Un soir, je rentrais de l'école et j'étais un peu en retard sur ma sœur d'accueil. Ma sœur d'accueil aînée et moi allons à la même école. On y va ensemble chaque matin et on en revient ensemble chaque soir, mais ce soir-là, j'avais un peu de retard sur elle. Quand je suis arrivée à la gare et que j'allais garer mon vélo, l'employé présent sur place est venu me demander de l'argent. J'ai essayé de lui expliquer, dans mon japonais approximatif, que j'avais déjà payé le matin même et que je ne comprenais pas pourquoi il me demandait de payer à nouveau. Mais il a continué d'insister, et je suis devenue complètement perdue.
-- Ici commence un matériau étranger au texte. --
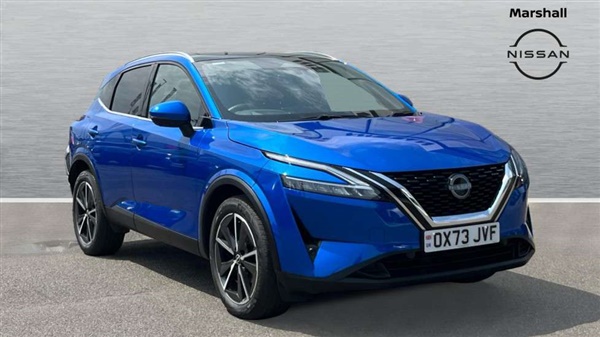 Large image for the Used Nissan Qashqai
Pour ne rien arranger, mon train était déjà à quai. J'étais tellement stressée à ce moment-là. Je savais que si je continuais à discuter avec cette personne, j'allais rater le train, et qu'il n'y en avait pas d'autre pour rentrer chez moi. J'allais avoir des ennuis. J'étais complètement paniquée, à regarder tout le monde autour de moi avancer sans problème pendant que j'étais bloquée. Et soudain, comme surgie de nulle part, ma sœur d'accueil est apparue ! Elle m'a complètement sauvée de cette situation, a payé les frais, et m'a expliqué plus tard comment fonctionnait ce système de double paiement dans les parkings à vélos.

Ce sentiment de panique m'a littéralement appris une grande leçon. J'ai réalisé que s'adapter à un environnement inconnu, c'est aussi accepter de faire des erreurs, et c'est là que je me trompais : je n'acceptais pas mes propres erreurs. Ce moment de panique m'a aussi appris à quel point il est important d'observer attentivement et d'apprendre les petites règles du quotidien du pays dans lequel on vit.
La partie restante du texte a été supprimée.